Con los años ganó más fama de la que hubiera creído y tuvo que pagarla con lo que menos hubiera querido, con el precio elevadísimo de su amado anonimato.

Y caros pagó también los años vividos mayoritariamente de noche y con desenfreno –“no me gustaría recuperar nada de entonces pero tampoco me arrepiento”-. Vinieron contratiempos que lo llevaban a cancelar conciertos: un ictus a los cincuenta que derivó en depresión; laringitis, diverticulitis “que me impide subirme a un avión”; un probema circulatorio que lo mandó al hospital; aquella caída en el escenario madrileño compartido con Serrat “volveremos en mayo”, se disculpaba, dolorido y sin que ni él ni nadie imagináramos que en unas semanas el mundo cerraría por derribo, que suena más bonito a decir que por un virus.

En la vida hay encuentros que saben menos a saludo que a despedida, aunque -muy afortunadamente- no tengamos la certeza de que no habrá más. Así con Sabina: entre su vida alocada y las trampas del destino, sobre los últimos conciertos suyos flota la tenue pero presente sombra del adiós que, contra todo pronóstico, no lo ha sido.

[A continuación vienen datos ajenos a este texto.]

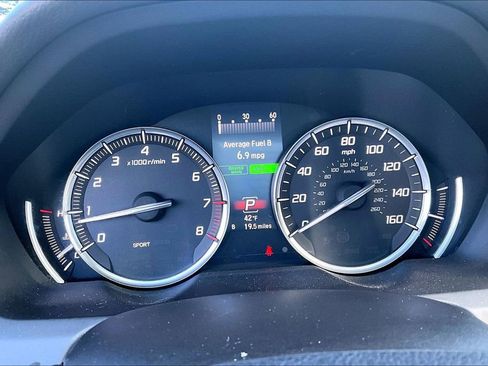 Used 2015 Acura TLX V6 Tech image 18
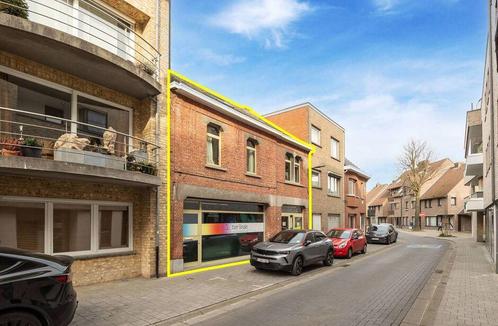 Kantoor te koop in Bornem, Immo, Huizen en Appartementen te koop, Overige soorten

No hace, como prometió al cumplir 71, un elogio de la vejez. No da de brincos ni recorre la tarima que ha corrido antes; más bien lo contrario. Ya no ríe como llora Chavela. El escenario le tiñe las canas. No importa: con su voz así, rota, acompañando sus historias cantadas con la mímica de la mano izquierda, o rasgando las cuerdas de la guitarra con su otra mano, cansada, su sola figura sentada en un banco con la pierna cruzada, brindando con agua (¡qué vergüenza!, se disculpaba, como desconociéndose), basta y alcanza y nunca sobra.

Nada de cumpleaños feliz, Joaquín, Joaquinito.

Que todas tus cenas. Que todas tus noches.

Y que el crepúsculo siga yendo con retraso.